I'll admit it, I'd liked Dave from the start. Unlike Mom's other boyfriends, he seemed genuinely interested in me. When my birthday had come the first August they'd been dating, he'd actually got me a proper present and not just some generic little girl gift. It had been three detective books that I still have, set in the 1940s at a preppy girls boarding school which I devoured in two days. He'd also got me a Sherlock hat that I still have too.

"Hey, love," Dave said when he answered the phone.

"It's Eve," I told him, running out of the bathroom away from Mom.
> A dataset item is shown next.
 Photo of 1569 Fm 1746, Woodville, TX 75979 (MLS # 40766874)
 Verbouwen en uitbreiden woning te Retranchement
"Hey, kid," he replied. "Where's your mum? And you sound a bit poorly, everything okay?"

"She has to go to work but I have the flu," I explained, flopping down on the living room sofa. "So can you come look after me today or do you have to go to work too?" I was using that wheedling voice, the kind that never worked on my own dad.

"I can work from your place," he said after a few seconds. "Yeah, that'll work. I'll be there in fifteen, okay?"

Mom was secretly pleased, I could tell. Dave came armed with DVDs and books and his laptop so he could work from our kitchen table, promising Mom he'd take care of me. And he did. Once Mom left, he showed me a box of Mr Freeze tiptops that he'd picked up for me which sealed the deal for me.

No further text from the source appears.